On July 6, after three months on strike, multiple news sources reported that a tentative agreement had been reached between the union and company following several days of negotiations the previous week. According to a union representative, as part of the agreement, (which had been reached on July 2) union members would not have to pay a monthly insurance premium. At the time of the announcement, voting on accepting the terms of the agreement was scheduled to begin on July 13. That day, union members voted to ratify the deal, with workers returning to their positions July 19. The union did not reveal voting details. With the agreement, the company stated that they intended to be back to full production by September.

== Aftermath ==
The four-year labor contract between ATI and USW was retroactive, starting from March 1, 2021 and running to February 28, 2025. As per the terms of the contract, the workers would receive a three percent annual wage increase starting every March 1. In addition, they would receive a one-time bonus of $4,000 and additional payments of $1,500 on February 1 of 2025 and 2025. Pertaining to the health care, the workers would not have to pay any monthly premium, but in exchange there would be increases to copays and deductibles.
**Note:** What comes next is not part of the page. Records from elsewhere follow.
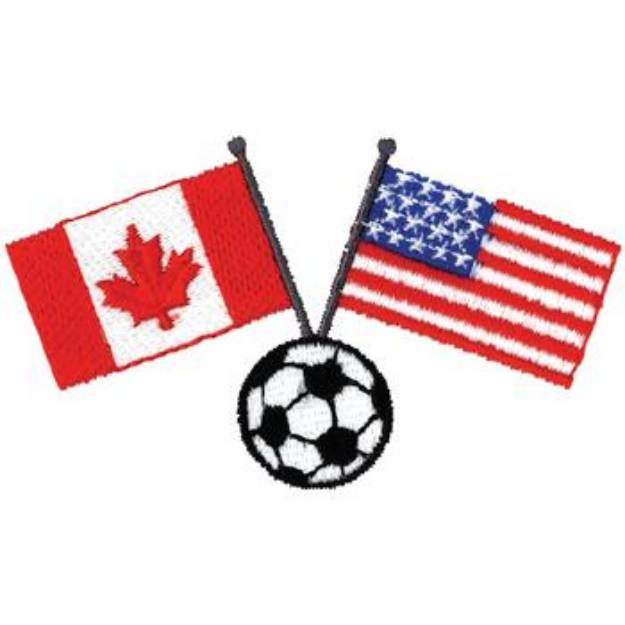 Picture of Canada, Usa & Soccer Ball Flag Machine Embroidery Design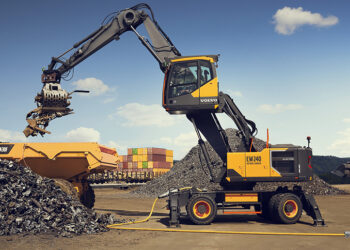 The Volvo CE EW240 Electric Material Handler connects directly to the grid via a cable, enabling continuous operation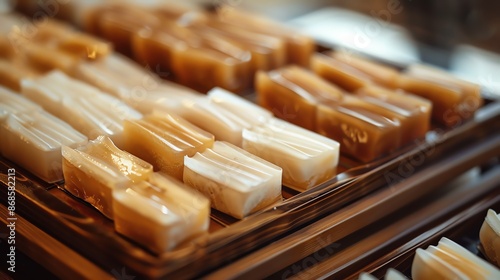 A detailed closeup of Japanese yatsuhashi sweets, with delicate, chewy layers and a sweet filling, placed on a traditional wooden tray with soft, ambient lighting photo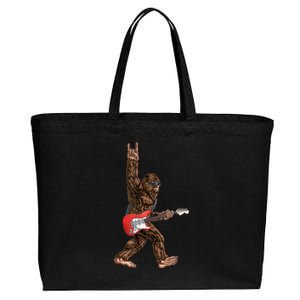 Bigfoot Playing A Electric Guitar Rock On Sasquatch Big Foot Cotton Canvas Jumbo Tote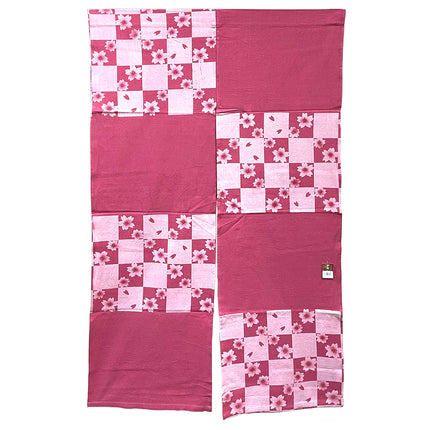 Checkered Flowers Noren Furoshiki Curtain - Pink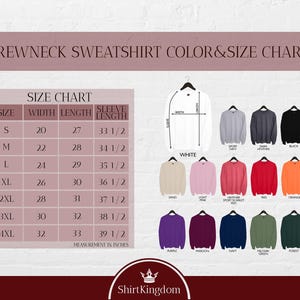 The image is a color and size chart for a crewneck sweatshirt, providing measurements and color options for different sizes.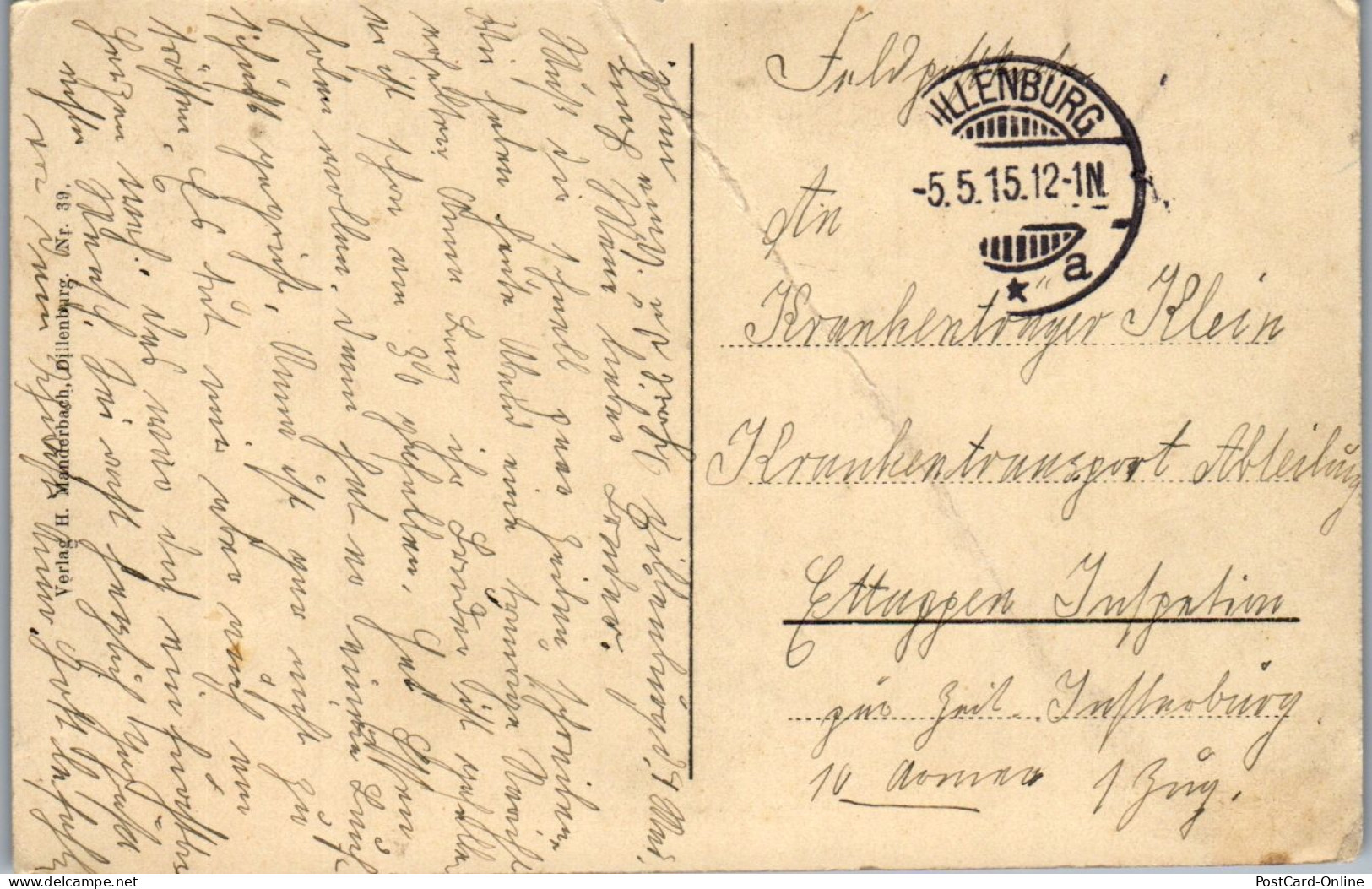 43498 - Deutschland - Dillenburg , Panorama , L. Beschädigt - Gelaufen 1915 - Dillenburg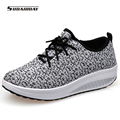 2016Women Spring Summer Gingham Flat Platform Casual Shoes Women s Walking Shoes Woman 4 5cm Heels
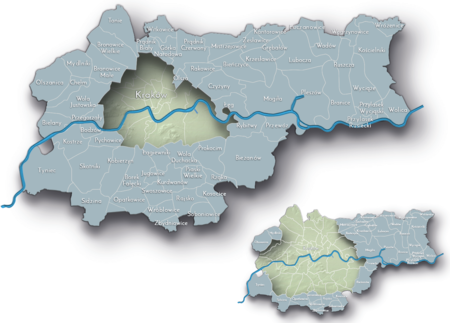 Na planie zakreślającym dzisiejsze granice Krakowa miejscowości przyłączone do Krakowa po 1915 roku,
oznaczone kolorem szarym określającym dla lat 1939–1945 ich przynależność do departamentu krakowskiego okupacyjnego,
niemieckiego Generalnego Gubernatorstwa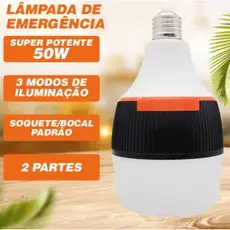Lâmpada de Emergência Led 50W 6h Ligada Após falta de Energia - 110-220V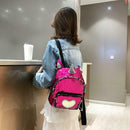 Sequins Heart Print Backpacks Girls School Women Shoulder Bags (Rose Red)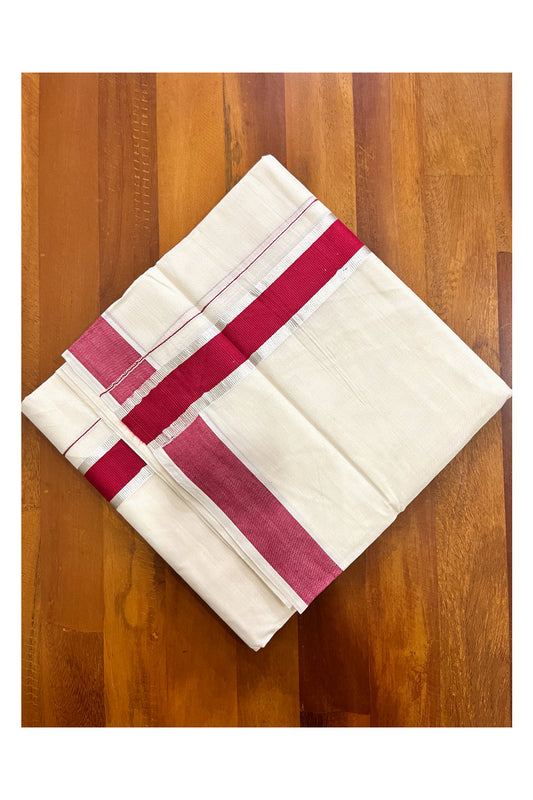 Pure Cotton Double Mundu with Maroon and Silver Kasavu Kara (South Indian Kerala Dhoti)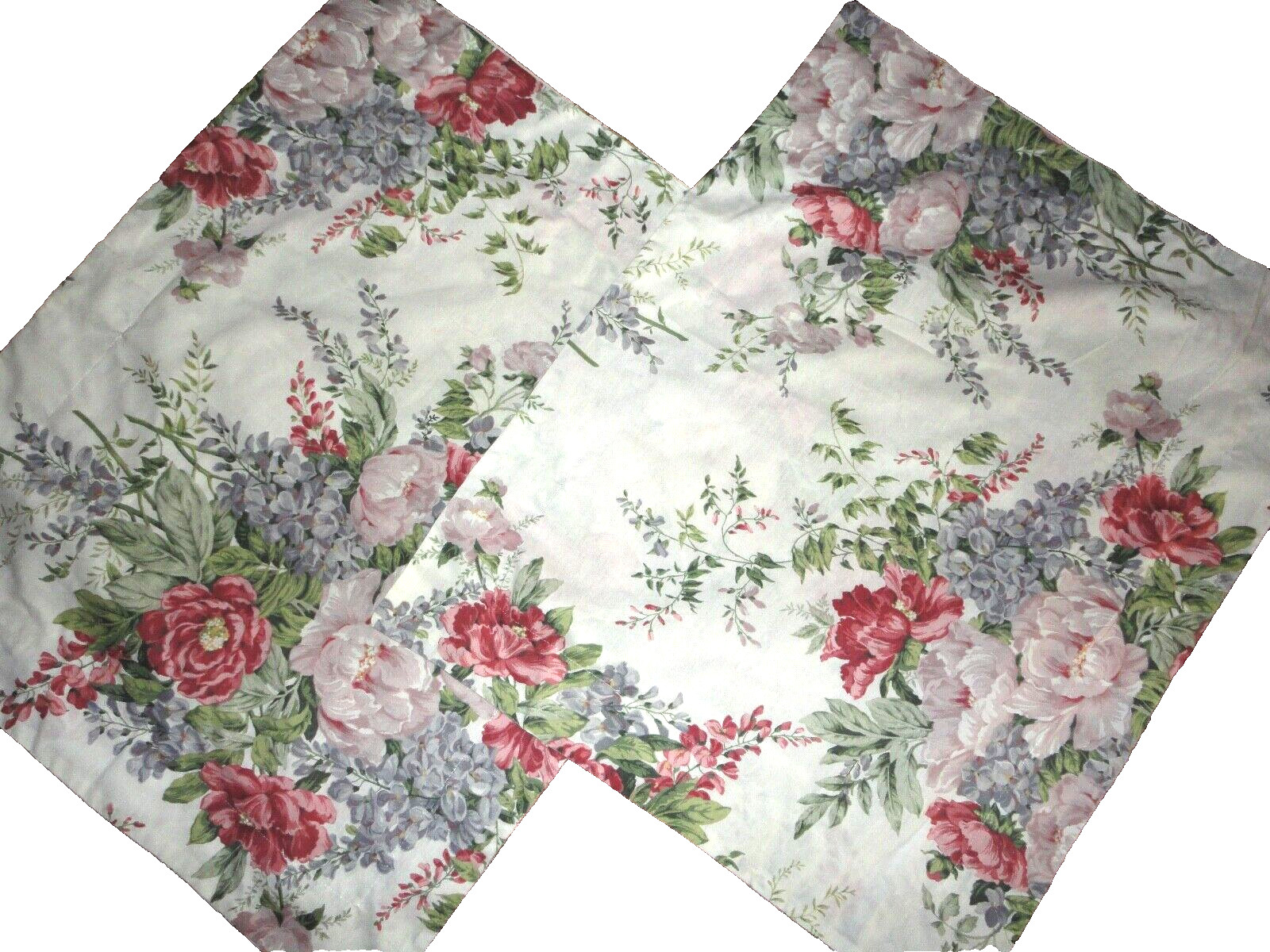 WESTPOINT BURGUNDY PINK PURPLE GREEN FLORAL (2) STANDARD PILLOW SHAMS 20 X 26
Additionally, increases in drug costs would be capped at 3.5 percent annually. A committee was also formed by the union and company with the goal of seeking out ways to keep health care costs low. The contract also contained provisions that the union says protects against outsourcing and addresses other minor issues. The settlement was considered a success for the union, with one representative stating that almost all of the union's demands had been met. The union claimed that ATI lost $100 million, stating that the price of steel had risen to an all-time high during the strike and that the company had been unable to fully capitalize on that. For the second quarter of 2021, ATI reported a loss of $49.2 million.

On July 19, the Pittsburgh Tribune-Review reported on complaints from some union members who contended that the company was withholding the $4,000 bonuses, with the union alleging that the company's actions were "blatantly contrary to our agreement".